The rest of this paper is organized as follows. Section 2 discusses the related work. The celebrity web image-text dataset is introduced in Section 3, followed by our proposed data-driven reranking retrieval framework in Section 4. Experiments are presented and analyzed in Section 5. Finally, we conclude the paper in Section 6.

Given a query image, near-duplicate image retrieval aims to find all images that are identified as essentially the same by human subjects. Near-duplicate image retrieval has been intensively addressed and researched in the last decade, partly attributed to the emergence of TRECVID benchmark for multimedia search. Researchers in this community often conduct their work in different application perspectives, typically including copyright protection, CBIR [12], and lately object or pattern recognition [13]. Generally, existing near-duplicate image retrieval methods make use of some global or local statistics of low-level features extracted from the query and database images. They often concatenate the (statistics of local) features into a single vector or matrix and use it as the image representation for similarity evaluation. Hence, we can largely categorize these methods into two groups, that is, the global feature based and the local feature based ones, which are overviewed separately as follows.

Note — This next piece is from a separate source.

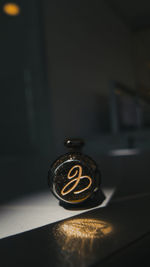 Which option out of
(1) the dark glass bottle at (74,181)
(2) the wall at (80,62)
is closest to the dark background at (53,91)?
(2) the wall at (80,62)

Global feature based algorithms have been researched for a long time. Wang et al. [14] proposed a fast and effective method in which each image is compactly represented by a K-bit hash code to detect all visually duplicate groups in large image collections. References [15, 16] extended the idea of Wang et al. [14] by adding the canny edge information to the hash code with the purpose of further improving the discriminative power of the image representation.

In local feature based methods, bag-of-visual word (BoVW) scheme has been widely adopted in different contexts such as visual object recognition/classification, CBIR, and semantic concept detection. All these researches adopt BoVW as an image representation which involves routines for visual vocabulary construction, vector quantization, and pair-wise descriptor matching. However, it is notable that BoVW often produces many false matches which are mainly introduced by the vector quantization error. To tackle this issue, geometric verifications, for example, Hamming embedding (HE) [1] and weak geometric constraint (WGC) [1], have been proposed to prune these false visual word matches. Different from BoVW, Zhong et al. [9] presented a novel scheme where image features are bundled into local groups. Each group of bundled features becomes much more discriminative than a single local feature, and within each group simple and robust geometric constraints can be efficiently enforced. They achieved a 77% precision improvement over the baseline BoVW based approach and a 24% improvement over full geometric verification alone.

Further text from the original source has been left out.